**RECORDED INFORMATION**
◇ ◇ ◇ ◇ ◇ ◇ ◇

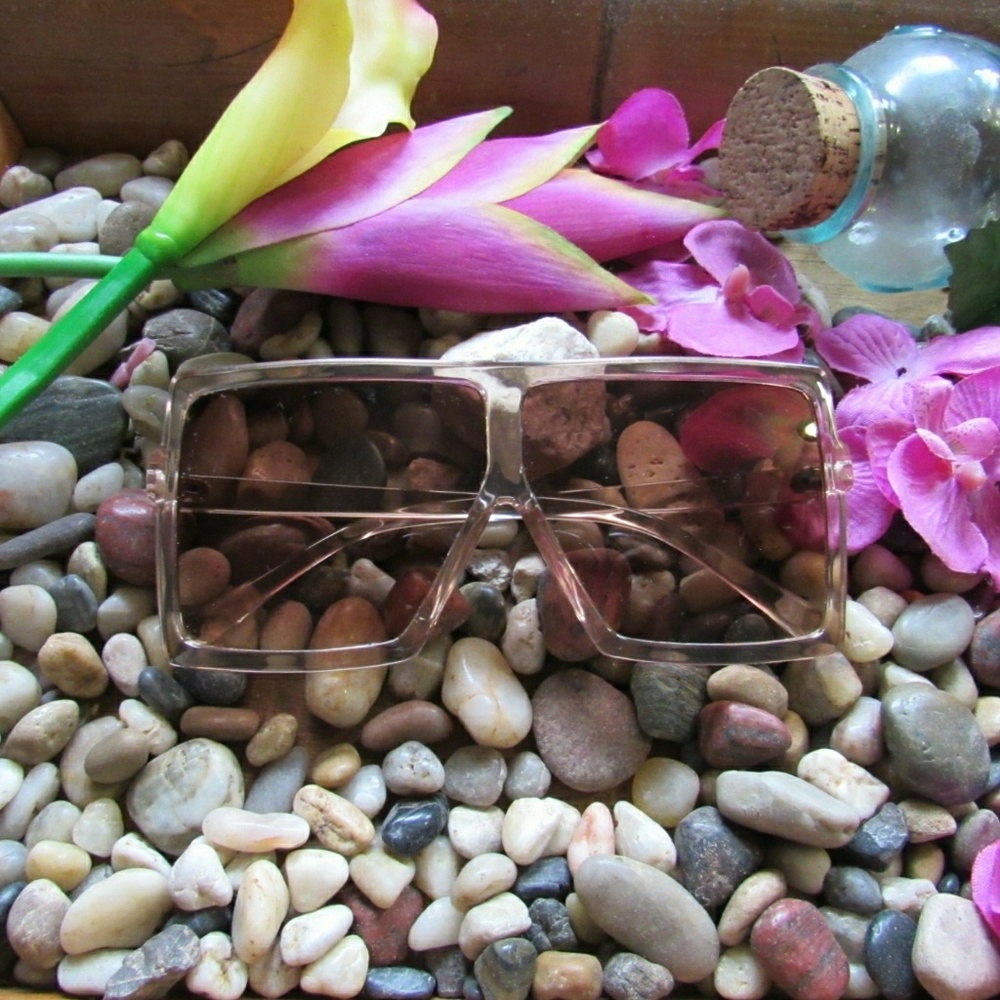 Clear/taupe fashion sunglasses - Picture 4 of 4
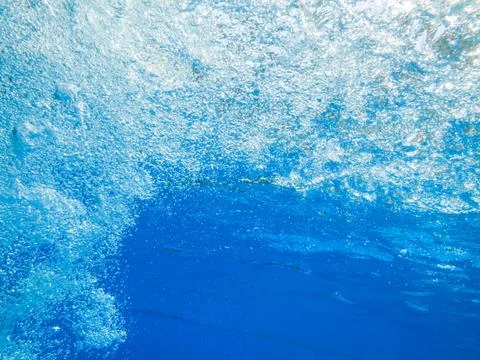 Bubbles in blue clear water Foto stock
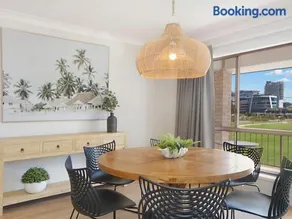 Tumut Unit 2 - Balcony With Tweed Harbour Views - Image 4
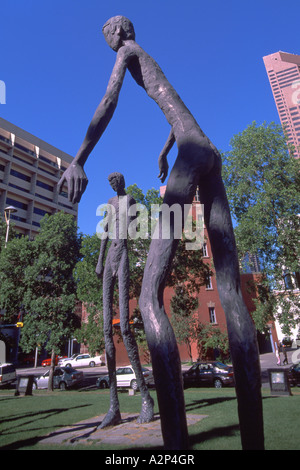 La famiglia dell'uomo sculture dell'Artista Mario Armengol Downtown nella città di Calgary Alberta Canada Foto Stock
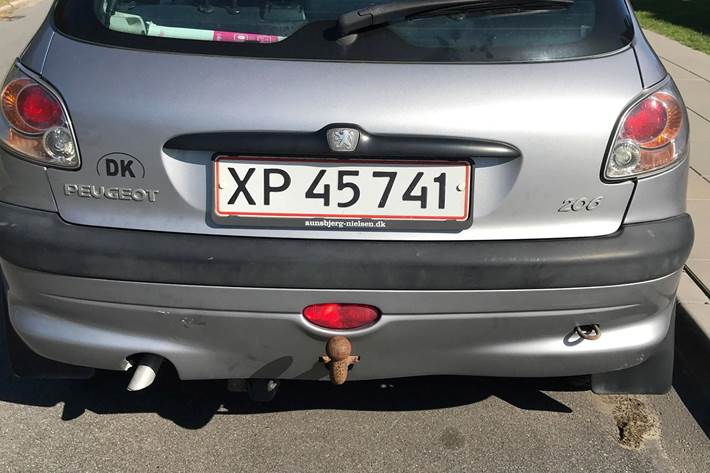 Grå Peugeot 206 fra 2001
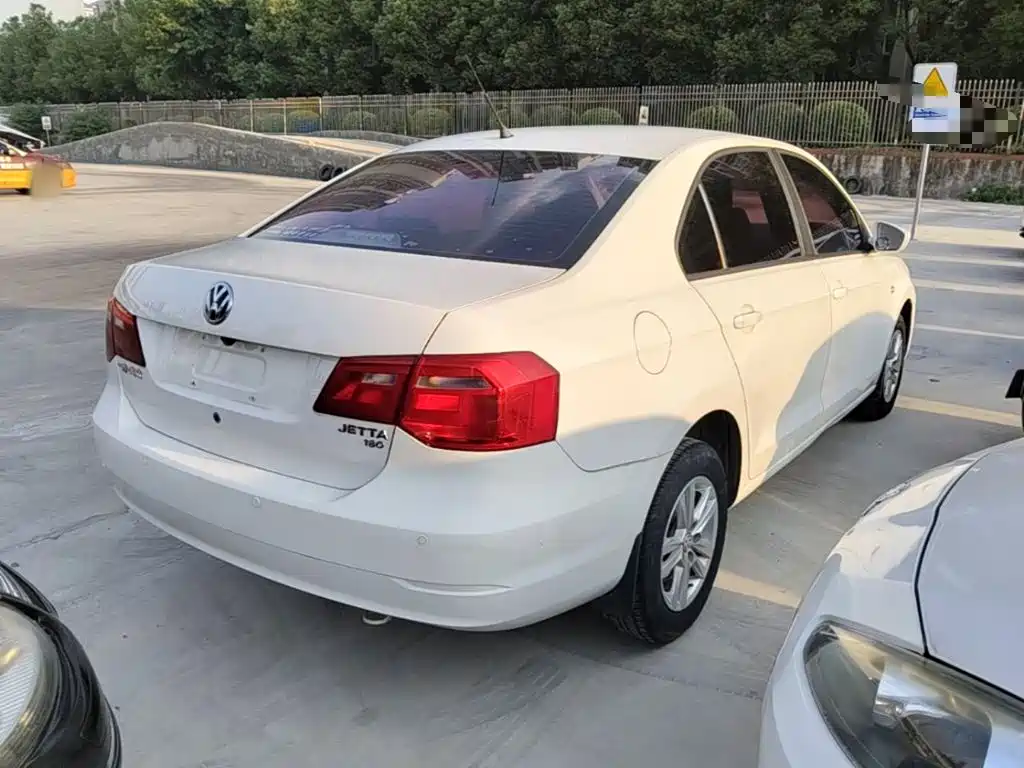 Volkswagen Jetta — миниатюра 7
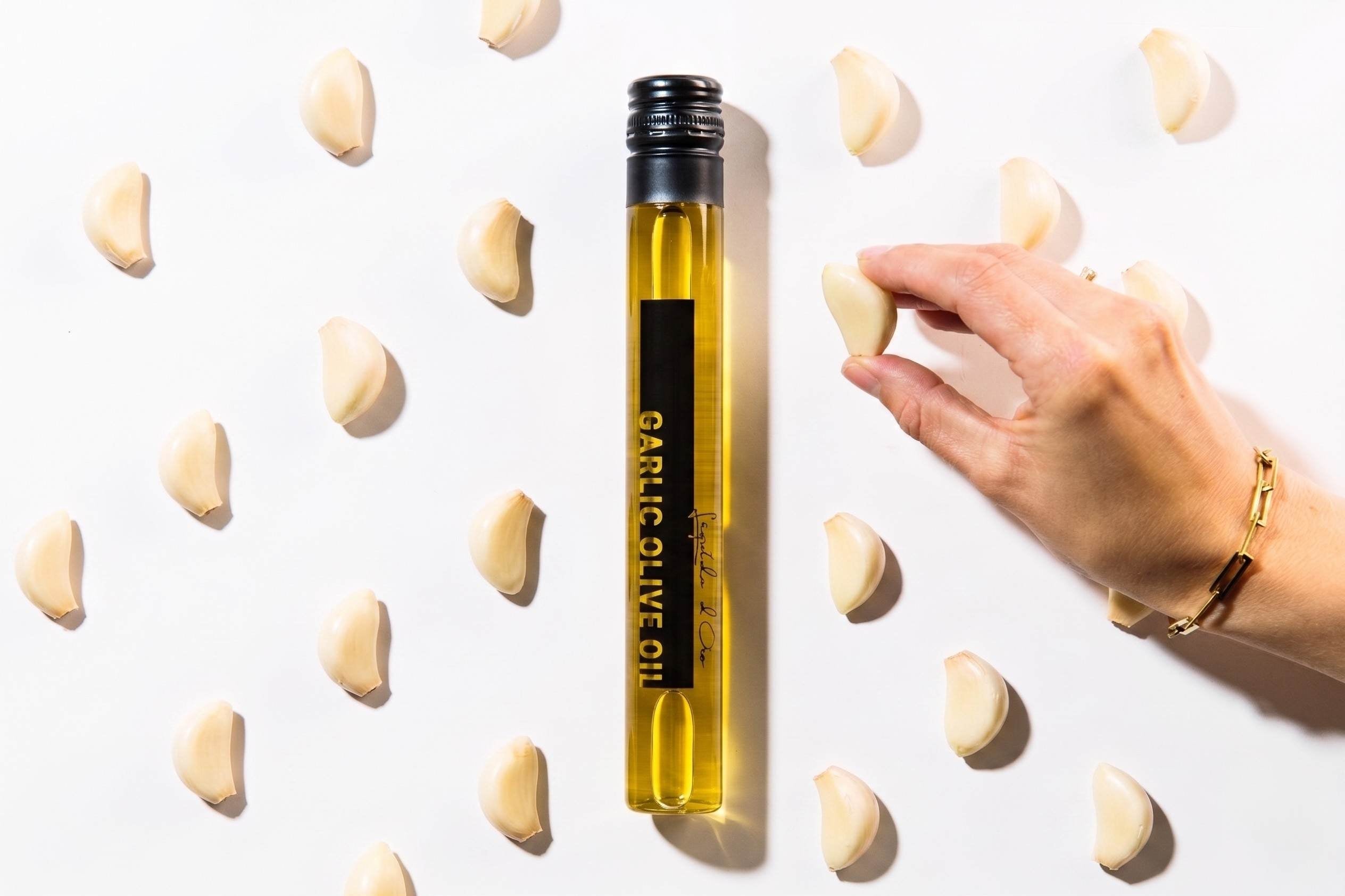 Glazen knoflook olijfolie tube - TUBES Gifts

◇ ◇ ◇ ◇ ◇ ◇ ◇

**PROBLEM DESCRIPTION**
The lines to repeat run from the line containing "Tumut Unit 2" through the end of the listing above, both included; give them exactly and without pictures.

**ANSWER SPACE**
 Tumut Unit 2 - Balcony With Tweed Harbour Views - Image 4
 La famiglia dell'uomo sculture dell'Artista Mario Armengol Downtown nella città di Calgary Alberta Canada Foto Stock
 Grå Peugeot 206 fra 2001
 Volkswagen Jetta — миниатюра 7
 Glazen knoflook olijfolie tube - TUBES Gifts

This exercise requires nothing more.